段々と雲行きが怪しくなる。先を急ぐ。秀麗な山容を見せていた三ノ沢分岐を過ごし極楽平に着く頃、ポツポツと雨が降り始める。雨粒が大きくカッパを着込むが本降りに成ることもなく直ぐに止む。

尾根伝いが続く。リックは重く感じるが足取りは未だ確か。極楽平を越えてからはグングンと下っていく。道に迷ったかと不安に思い、何度も振り返るが他に登山道はない。いちゃつく雷鳥のカップルに勇気づけられる。折り返して登り返す。

1時間位で島田娘に着く。更なる瘤越えに辟易しながら更に1時間後濁沢大峰に辿り着く。

鉄の取っ手とクサリの尾根伝いが続く。何個か瘤を越えて意味不明の標識R7を越え、檜尾岳(サギダルノ頭)間近で雨が降り始める。檜尾岳に着く頃本降りとなる。雷も轟き出す。山頂で雷に襲われるのは初めて。居たたまれず檜尾岳の標識を撮ってから小屋へ下る。コースタイムを大幅に上回る2時間掛かる。

ずぶ濡れのまま小屋に入る。主人はストーブに火を入れてくれる。動きを止めると寒いので有り難い。土間でブーツに溜まった雨水を捨て、濡れた衣類を絞りながら雑談する。雨が止んだのを機にテントの設営に取り掛かる。テント場の土壌は上質の砂地で杭打ちは容易い。水場は小屋から更に数分下った処にあり不便。早めに晩飯を食う。食欲なし。夜半も雷豪雨が鳴り響き、安物の1ポールテントが吹き飛ばないか不安に駆られるも何時の間にか失神。隣のテントの物音で目が覚める。3時半。起きる頃合いだ。

早朝は常に快晴。テント場を眼下に睨み、爽快な気分で熊沢岳を見据える。空木岳山頂が間近に見えてくる。幾度も瘤を越え2時間半かけて熊沢岳に至る。緩やかな尾根を下り、空木岳を視野に入れながら、尾根伝いに東川岳を越える。半時間掛けて木曽殿越へ向けて大きく下る。檜尾から計6時間掛けて木曽殿越に着く。

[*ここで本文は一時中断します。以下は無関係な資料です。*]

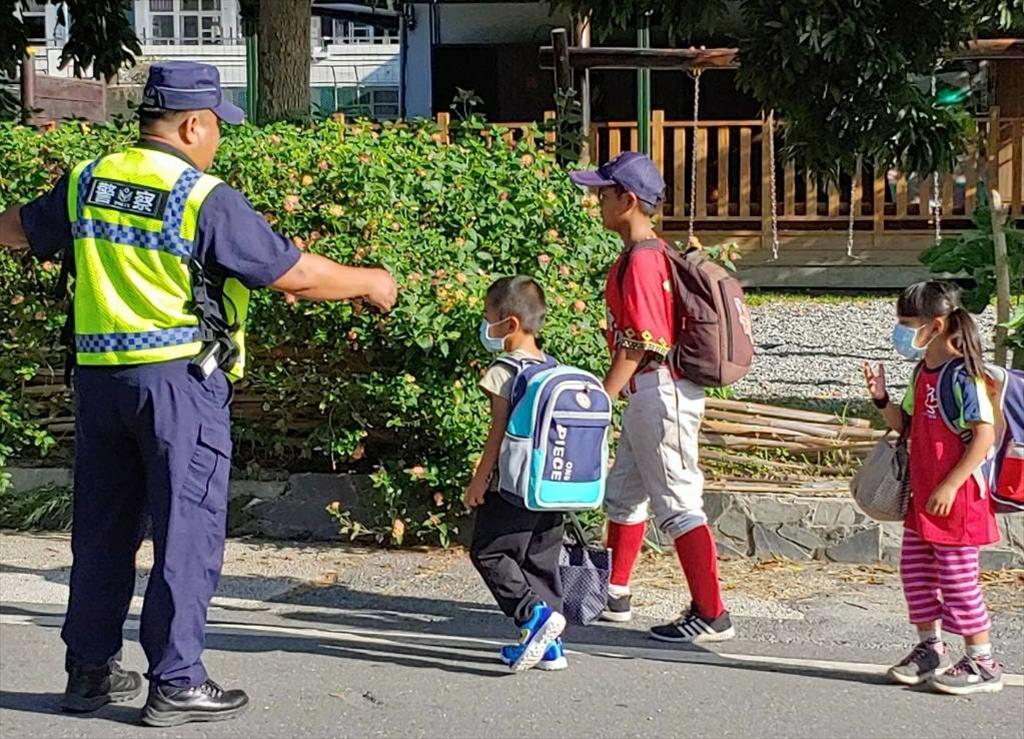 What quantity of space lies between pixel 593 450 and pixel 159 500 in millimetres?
1465

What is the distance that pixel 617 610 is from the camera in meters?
6.01

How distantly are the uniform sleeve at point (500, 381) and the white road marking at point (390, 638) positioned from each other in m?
1.04

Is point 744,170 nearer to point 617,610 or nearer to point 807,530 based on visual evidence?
point 807,530

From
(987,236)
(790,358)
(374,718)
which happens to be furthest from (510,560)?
(790,358)

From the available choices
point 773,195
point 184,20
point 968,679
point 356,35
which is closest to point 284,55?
point 773,195

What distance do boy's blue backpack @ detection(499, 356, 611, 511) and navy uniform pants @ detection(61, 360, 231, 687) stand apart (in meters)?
0.99

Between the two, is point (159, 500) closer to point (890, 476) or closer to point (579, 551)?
point (579, 551)

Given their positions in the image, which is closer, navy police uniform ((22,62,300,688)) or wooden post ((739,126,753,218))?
navy police uniform ((22,62,300,688))

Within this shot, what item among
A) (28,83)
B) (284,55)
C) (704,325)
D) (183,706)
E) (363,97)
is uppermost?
(363,97)

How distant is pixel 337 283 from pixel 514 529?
1150mm

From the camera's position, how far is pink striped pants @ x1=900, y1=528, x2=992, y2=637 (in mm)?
5059

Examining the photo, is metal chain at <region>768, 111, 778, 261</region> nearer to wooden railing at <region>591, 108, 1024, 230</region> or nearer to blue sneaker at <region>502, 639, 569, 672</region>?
wooden railing at <region>591, 108, 1024, 230</region>

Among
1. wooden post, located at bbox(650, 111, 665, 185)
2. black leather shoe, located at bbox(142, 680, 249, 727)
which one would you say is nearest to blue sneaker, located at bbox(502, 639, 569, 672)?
black leather shoe, located at bbox(142, 680, 249, 727)

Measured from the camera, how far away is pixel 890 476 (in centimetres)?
524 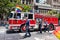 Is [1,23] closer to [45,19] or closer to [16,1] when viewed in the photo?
[16,1]

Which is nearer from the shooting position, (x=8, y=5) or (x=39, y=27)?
(x=39, y=27)

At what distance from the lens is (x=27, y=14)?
21.8m

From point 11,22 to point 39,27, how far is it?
2890mm

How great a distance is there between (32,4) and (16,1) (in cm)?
839

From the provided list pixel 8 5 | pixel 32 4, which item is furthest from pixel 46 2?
pixel 8 5

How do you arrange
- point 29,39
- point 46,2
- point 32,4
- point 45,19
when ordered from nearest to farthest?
point 29,39 → point 45,19 → point 32,4 → point 46,2

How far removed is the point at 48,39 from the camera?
1638cm

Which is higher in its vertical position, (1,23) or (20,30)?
(20,30)

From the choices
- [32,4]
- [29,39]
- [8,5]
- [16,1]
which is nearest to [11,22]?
[29,39]

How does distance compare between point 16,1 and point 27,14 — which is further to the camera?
point 16,1

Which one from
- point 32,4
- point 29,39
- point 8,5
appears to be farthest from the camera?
point 32,4

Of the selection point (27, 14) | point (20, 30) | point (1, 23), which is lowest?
point (1, 23)

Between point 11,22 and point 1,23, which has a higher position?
point 11,22

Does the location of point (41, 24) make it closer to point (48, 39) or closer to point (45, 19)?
point (45, 19) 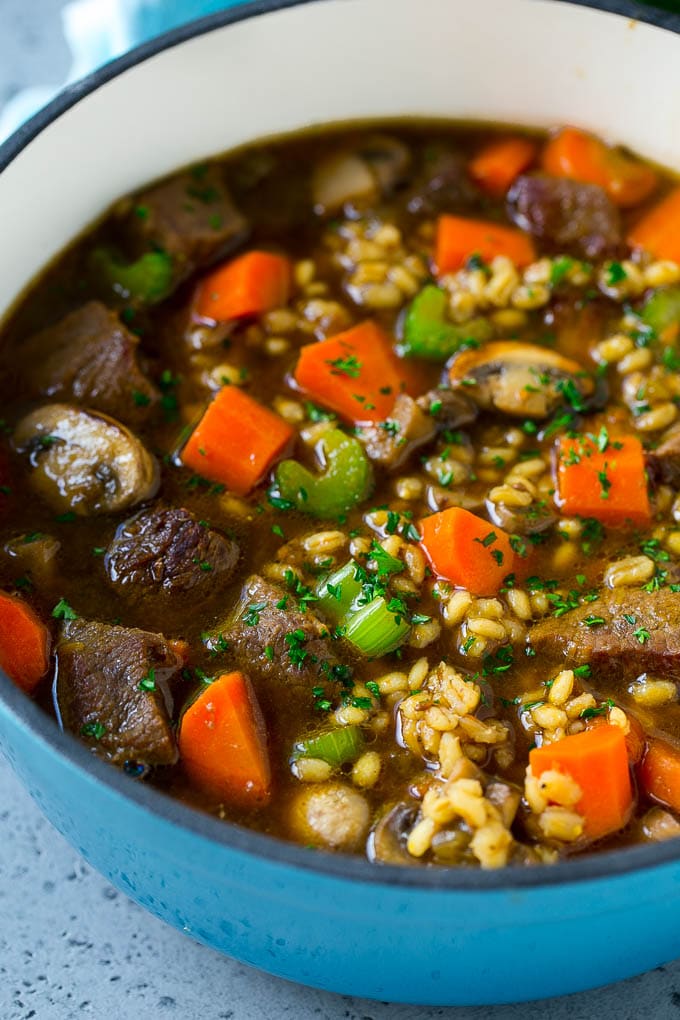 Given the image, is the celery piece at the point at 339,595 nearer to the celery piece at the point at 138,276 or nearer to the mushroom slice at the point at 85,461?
the mushroom slice at the point at 85,461

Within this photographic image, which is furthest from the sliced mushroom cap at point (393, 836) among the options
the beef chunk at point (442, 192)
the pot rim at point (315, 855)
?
the beef chunk at point (442, 192)

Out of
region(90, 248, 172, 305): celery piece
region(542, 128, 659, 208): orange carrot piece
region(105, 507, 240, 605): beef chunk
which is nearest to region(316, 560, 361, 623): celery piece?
region(105, 507, 240, 605): beef chunk

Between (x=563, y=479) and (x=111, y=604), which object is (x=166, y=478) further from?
(x=563, y=479)

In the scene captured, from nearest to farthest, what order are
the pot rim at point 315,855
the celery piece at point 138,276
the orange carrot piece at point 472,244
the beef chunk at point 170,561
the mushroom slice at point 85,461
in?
the pot rim at point 315,855 → the beef chunk at point 170,561 → the mushroom slice at point 85,461 → the celery piece at point 138,276 → the orange carrot piece at point 472,244

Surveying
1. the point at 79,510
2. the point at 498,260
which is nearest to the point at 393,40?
the point at 498,260

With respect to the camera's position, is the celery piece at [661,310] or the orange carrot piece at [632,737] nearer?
the orange carrot piece at [632,737]

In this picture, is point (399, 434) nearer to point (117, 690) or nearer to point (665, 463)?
point (665, 463)

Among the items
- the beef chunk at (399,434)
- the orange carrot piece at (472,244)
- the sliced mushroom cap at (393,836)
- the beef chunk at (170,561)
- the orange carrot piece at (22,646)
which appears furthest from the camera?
the orange carrot piece at (472,244) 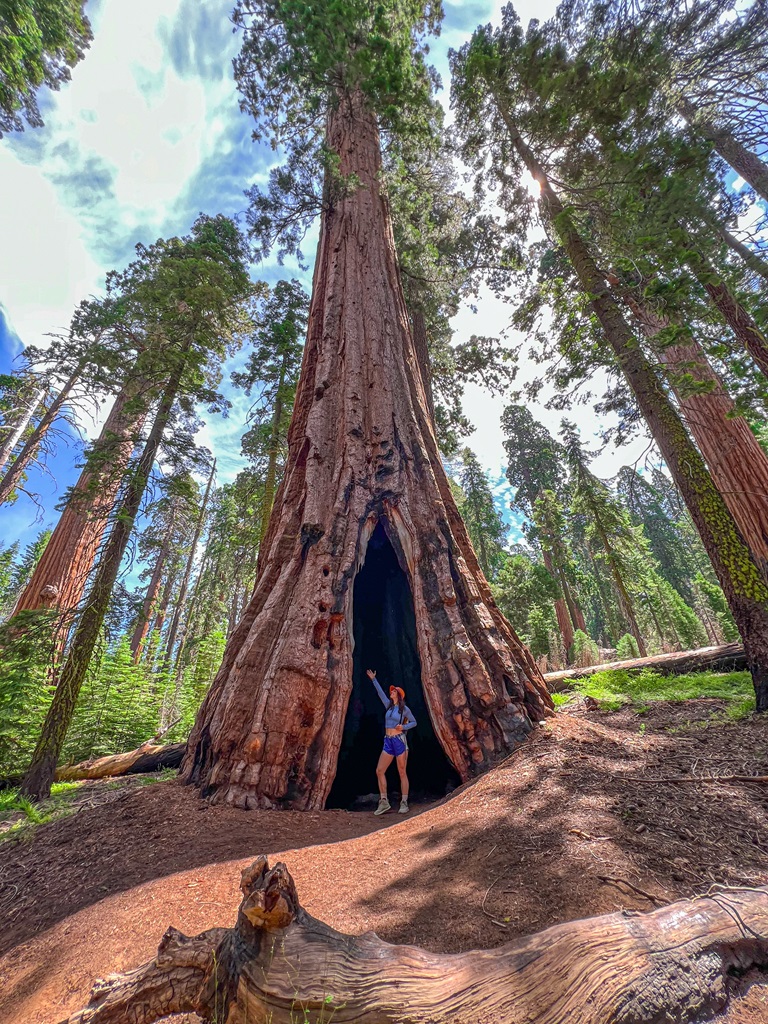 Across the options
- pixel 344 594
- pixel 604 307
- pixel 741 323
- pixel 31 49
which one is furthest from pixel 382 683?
pixel 31 49

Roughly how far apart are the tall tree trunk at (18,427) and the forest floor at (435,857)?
13.4 meters

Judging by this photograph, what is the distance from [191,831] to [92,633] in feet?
12.4

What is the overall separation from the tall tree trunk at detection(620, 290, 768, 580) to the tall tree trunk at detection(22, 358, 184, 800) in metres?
8.76

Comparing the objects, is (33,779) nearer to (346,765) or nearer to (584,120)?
(346,765)

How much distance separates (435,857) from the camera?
2.88 meters

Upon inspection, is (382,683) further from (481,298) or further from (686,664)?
(481,298)

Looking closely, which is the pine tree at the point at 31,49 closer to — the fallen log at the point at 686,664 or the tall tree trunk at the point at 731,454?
the tall tree trunk at the point at 731,454

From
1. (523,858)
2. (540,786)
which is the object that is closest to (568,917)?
(523,858)

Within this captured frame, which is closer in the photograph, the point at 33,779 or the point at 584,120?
the point at 33,779

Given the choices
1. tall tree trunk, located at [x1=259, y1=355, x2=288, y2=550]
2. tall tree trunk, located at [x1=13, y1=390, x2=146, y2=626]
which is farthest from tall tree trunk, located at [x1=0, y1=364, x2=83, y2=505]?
tall tree trunk, located at [x1=259, y1=355, x2=288, y2=550]

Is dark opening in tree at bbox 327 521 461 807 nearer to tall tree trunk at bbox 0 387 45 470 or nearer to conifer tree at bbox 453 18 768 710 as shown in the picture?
conifer tree at bbox 453 18 768 710

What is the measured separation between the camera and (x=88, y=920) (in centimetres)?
261

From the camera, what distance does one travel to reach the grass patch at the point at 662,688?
5.70 metres

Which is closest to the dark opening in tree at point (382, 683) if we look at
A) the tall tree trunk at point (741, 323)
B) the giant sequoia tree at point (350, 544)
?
the giant sequoia tree at point (350, 544) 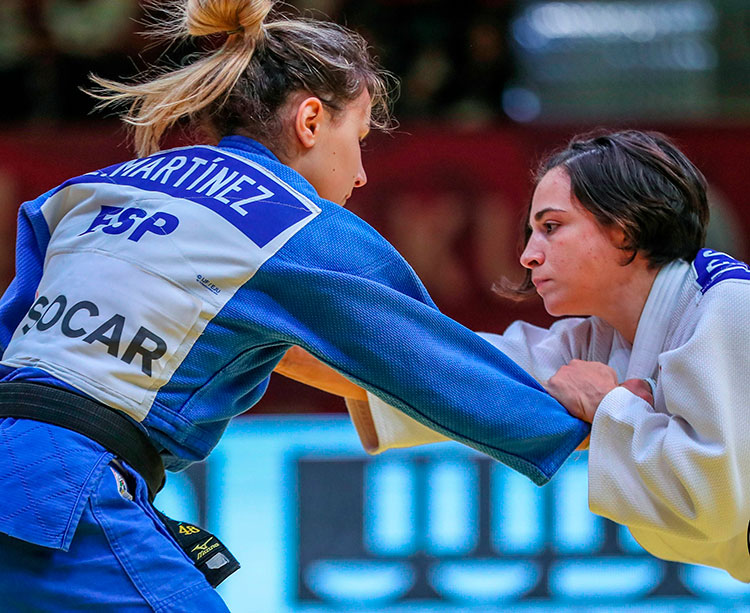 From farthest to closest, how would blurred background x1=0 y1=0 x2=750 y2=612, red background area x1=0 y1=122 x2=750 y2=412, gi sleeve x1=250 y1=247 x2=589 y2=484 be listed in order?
red background area x1=0 y1=122 x2=750 y2=412 < blurred background x1=0 y1=0 x2=750 y2=612 < gi sleeve x1=250 y1=247 x2=589 y2=484

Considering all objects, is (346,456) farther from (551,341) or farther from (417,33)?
(417,33)

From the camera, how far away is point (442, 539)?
381 cm

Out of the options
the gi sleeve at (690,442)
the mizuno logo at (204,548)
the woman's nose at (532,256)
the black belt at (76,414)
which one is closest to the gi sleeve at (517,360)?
the woman's nose at (532,256)

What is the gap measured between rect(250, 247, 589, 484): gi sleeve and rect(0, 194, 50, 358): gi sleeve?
1.35 ft

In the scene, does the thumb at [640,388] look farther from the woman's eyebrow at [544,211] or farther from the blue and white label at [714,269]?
the woman's eyebrow at [544,211]

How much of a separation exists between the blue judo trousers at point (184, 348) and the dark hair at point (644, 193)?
15.1 inches

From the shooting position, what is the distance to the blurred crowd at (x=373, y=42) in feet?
18.2

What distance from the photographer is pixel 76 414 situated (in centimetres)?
140

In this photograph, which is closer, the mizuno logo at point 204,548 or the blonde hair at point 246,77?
the mizuno logo at point 204,548

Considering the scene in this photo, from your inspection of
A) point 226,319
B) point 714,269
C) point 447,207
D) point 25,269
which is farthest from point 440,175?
point 226,319

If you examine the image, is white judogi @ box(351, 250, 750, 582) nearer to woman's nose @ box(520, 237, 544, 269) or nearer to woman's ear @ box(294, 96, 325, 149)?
woman's nose @ box(520, 237, 544, 269)

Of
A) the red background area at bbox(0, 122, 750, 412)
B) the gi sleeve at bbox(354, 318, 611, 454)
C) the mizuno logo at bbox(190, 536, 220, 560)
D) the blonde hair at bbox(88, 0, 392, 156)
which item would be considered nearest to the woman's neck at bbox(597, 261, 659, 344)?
the gi sleeve at bbox(354, 318, 611, 454)

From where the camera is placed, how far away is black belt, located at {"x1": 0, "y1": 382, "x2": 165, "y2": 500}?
4.60 ft

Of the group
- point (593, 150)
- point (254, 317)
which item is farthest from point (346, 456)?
point (254, 317) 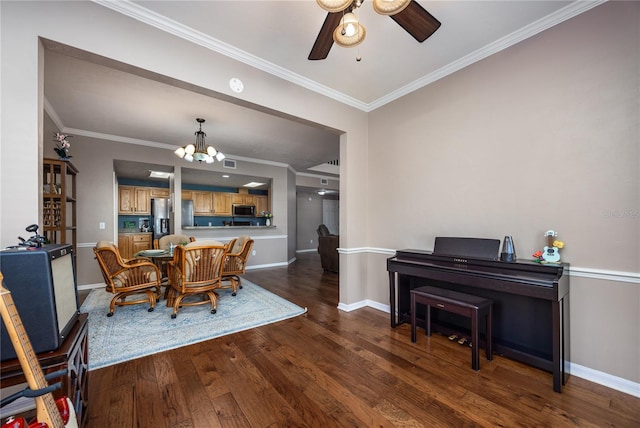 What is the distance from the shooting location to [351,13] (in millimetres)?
1543

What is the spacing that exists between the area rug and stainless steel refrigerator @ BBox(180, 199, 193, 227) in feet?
11.1

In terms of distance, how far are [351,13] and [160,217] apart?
23.7ft

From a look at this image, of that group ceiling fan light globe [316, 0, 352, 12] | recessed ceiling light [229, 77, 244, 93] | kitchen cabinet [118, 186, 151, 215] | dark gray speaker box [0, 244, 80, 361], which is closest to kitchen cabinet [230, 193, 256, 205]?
kitchen cabinet [118, 186, 151, 215]

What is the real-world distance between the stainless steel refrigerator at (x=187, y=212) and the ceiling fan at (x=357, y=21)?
6.57 metres

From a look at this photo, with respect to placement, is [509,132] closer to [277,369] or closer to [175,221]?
[277,369]

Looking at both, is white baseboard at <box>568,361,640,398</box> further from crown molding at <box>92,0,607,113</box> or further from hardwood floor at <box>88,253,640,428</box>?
crown molding at <box>92,0,607,113</box>

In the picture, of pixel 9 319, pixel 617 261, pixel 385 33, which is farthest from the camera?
pixel 385 33

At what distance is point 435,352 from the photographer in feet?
7.46

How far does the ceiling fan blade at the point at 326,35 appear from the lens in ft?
5.38

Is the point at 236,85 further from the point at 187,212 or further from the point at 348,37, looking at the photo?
the point at 187,212

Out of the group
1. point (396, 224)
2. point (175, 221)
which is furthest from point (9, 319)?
point (175, 221)

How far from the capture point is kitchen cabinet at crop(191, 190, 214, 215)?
760 cm

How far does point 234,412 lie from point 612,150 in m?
3.14

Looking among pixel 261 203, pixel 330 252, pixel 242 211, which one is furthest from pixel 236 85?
pixel 261 203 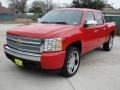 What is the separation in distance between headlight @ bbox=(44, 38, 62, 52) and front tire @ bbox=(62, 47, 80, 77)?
466mm

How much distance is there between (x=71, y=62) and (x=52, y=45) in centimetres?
98

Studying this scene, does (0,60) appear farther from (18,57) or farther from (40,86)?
(40,86)

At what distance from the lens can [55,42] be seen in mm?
5383

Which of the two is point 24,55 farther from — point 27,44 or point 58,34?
point 58,34

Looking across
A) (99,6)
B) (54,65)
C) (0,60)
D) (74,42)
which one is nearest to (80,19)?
(74,42)

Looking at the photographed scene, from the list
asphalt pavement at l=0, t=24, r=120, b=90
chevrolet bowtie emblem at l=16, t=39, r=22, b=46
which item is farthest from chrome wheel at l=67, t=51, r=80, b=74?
chevrolet bowtie emblem at l=16, t=39, r=22, b=46

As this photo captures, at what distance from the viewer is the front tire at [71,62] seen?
5785mm

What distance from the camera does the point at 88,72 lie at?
6445 mm

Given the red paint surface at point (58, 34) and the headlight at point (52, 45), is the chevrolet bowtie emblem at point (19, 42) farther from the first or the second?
the headlight at point (52, 45)

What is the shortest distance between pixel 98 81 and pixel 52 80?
3.68 feet

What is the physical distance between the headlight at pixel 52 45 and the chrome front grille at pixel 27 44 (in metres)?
0.11

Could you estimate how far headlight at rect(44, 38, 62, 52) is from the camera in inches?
211

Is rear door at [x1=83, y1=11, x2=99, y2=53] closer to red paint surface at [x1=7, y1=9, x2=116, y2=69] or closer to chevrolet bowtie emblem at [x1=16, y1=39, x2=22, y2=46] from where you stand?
red paint surface at [x1=7, y1=9, x2=116, y2=69]

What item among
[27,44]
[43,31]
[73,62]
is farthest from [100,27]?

ここで、軽く腹ごしらえ、アミノバイタルで力を補給。靴紐を締め直していざ登り始める。急登。ザックが肩に重くのしかかる。便意を足す憂き目にあう。恥ずかしながら初めての経験。2時間位で第一ピークに直面。頂上間近と思いきや、ここからが大変、クサリ、ハシゴの本格的な岩場が控えている。数メートルに及ぶ垂直の岩場もある。予想していなかった本格的な岩場だけに恐怖を覚える暇もなく無我夢中で格闘する。ザックの重さも気にする暇もない。結果オーライだった為か、思い返せば何とも楽しい岩場越えだった。ただ、上りでなく下りだったらもっと恐怖感は増したであろうと顧みる。

結局、コースタイムの倍の3時間も掛かり山頂に到着。山頂に差し掛かる辺りの大岩を越えた頃、ポツポツと雨が落ち始める。忽ち土砂降り、雷も轟きだす。山頂でただ一人岩陰で濡れネズミになりながら、眼下に駒峰ヒュッテ、南駒ヶ岳を望みながら、雨が止むのを待つ。落雷の恐怖よりも山頂で一人佇む時間を楽しむ。

雨が止んだのを機に駒石方面へ向かって下る。駒峰ヒュッテ手前の道標に沿って空木平避難小屋方面へ右へ曲がる。駒石直行は諦めて小屋へ向かう。距離的には1km程だが沢下りで歩きに難い。雨は止み麓に虹が掛かる。山頂から1時間半も掛かって避難小屋に着く。駒石経由の方が早かったかもしれぬと顧みる。

避難小屋は新しく快適だ。軽く食事を取って直ぐに寝入る。三人ということもあって静か。快眠する。

6時に下山を始める。天気は快晴。縦走を終えた達成感からか気持ちが頗る良い。樹林帯をゆっくりと下っていく。噂に聞く、小地獄、大地獄のクサリやハシゴも膝にダメージを与えないように慎重に下っていく。処しやすい。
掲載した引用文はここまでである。